Tough times can make for tense relations between corporate tax executives and state tax authorities. Our survey suggests that even if economic conditions improve, the stage is set for more contentiousness than ever.

New Jersey was not so lucky—the court cited South Carolina as an aberration and ruled that without physical nexus, Lanco was not subject to the state’s income tax. The case also didn’t do much for New Jersey’s reputation: it rocketed to number one among the states considered by our survey respondents to be the most aggressive about asserting economic nexus. (South Carolina, which was first in 1998 and fifth in 2000, dropped to eighth on the list.)

Yet New Jersey’s failure to tax a Delaware holding company was not an unalloyed win for corporate tax planning. Earlier in 2003, Maryland pierced the corporate veil of two Delaware holding companies by arguing that they had no real business purpose other than to avoid tax. That’s a classic anti-tax-shelter argument, and one that may signal a much more aggressive approach by the states.

The Maryland Court of Appeals ruled simultaneously in Comptroller of the Treasury v. SYL Inc. and in Comptroller of the Treasury v. Crown Cork & Seal Co. (Delaware) Inc. that the Delaware holding companies of Syms and Crown Cork & Seal could be taxed—not individually, as New Jersey attempted in Lanco, but as part of their parent companies—because they “had no real economic substance as separate business entities.”

The court noted that all of the characteristics of a functioning company—employees, office space, travel expenses, and so on—”were virtually nonexistent on Crown Delaware’s balance sheets.” Where such expenses did exist, they were provided by Organization Services Inc., a “nexus services” provider.

Although Crown Delaware claimed revenues of about $37 million per year, total annual wages for its nine “employees” averaged $568 for each year between 1989 and 1993. Indeed, Crown Delaware’s total operating costs averaged just over $2,000 per year. “Over the five-year period in question,” the court noted, “Crown Delaware incurred a total of $20 in meals and entertainment, about $60 in telephone charges, and about $100 in postage. Travel costs for the entire period…amounted to less than $7.” And despite the fact that Crown Delaware theoretically existed to manage intellectual property, it never incurred any legal fees associated with patents or trademarks.

Those who defend moving intellectual property to a Delaware holding company as a legitimate tax-planning strategy admit that the Crown case is not the most flattering example. But even more-persuasive fact patterns are no sure thing. In a similar case decided in 2002—Sherwin-Williams v. Commissioner of Revenue—Massachusetts failed to convince a court that the paint company’s Delaware subsidiary was a sham, because, the court ruled, it did engage in legitimate business activities. This past June, New York’s Tax Appeals Tribunal looked at the same affiliate and found just the opposite to be the case.
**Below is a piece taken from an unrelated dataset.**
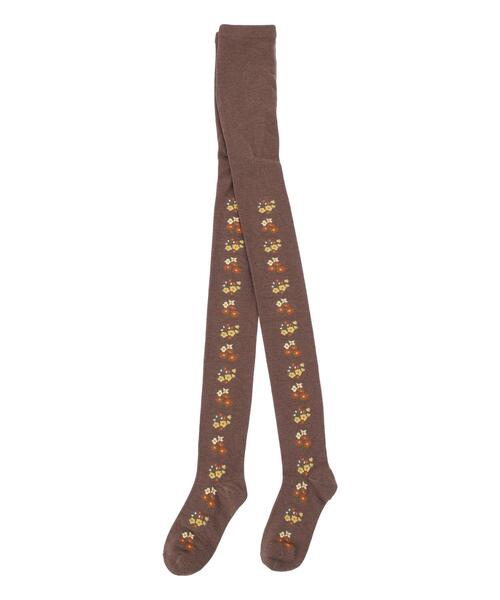 Samansa Mos2(サマンサ モスモス)の「フラワーラインタイツ(ソックス/靴下・レディース・グレー/ブラウン/ベージュ・F)」の12枚目の写真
SYL, Crown, and New York’s version of Sherwin-Williams make Delaware-style holding companies far more likely to be attacked in court these days—much as Enron’s abuses resulted in greater scrutiny of all special-purpose entities. “If you are a publicly traded company, you need to be far more cautious today than in the past with regard to aggressive tax planning,” says Stuart L. Rosow, an attorney with Proskauer Rose LLP. Although such planning is still possible for many companies, he says, “the level of scrutiny that it will be subjected to is much greater.”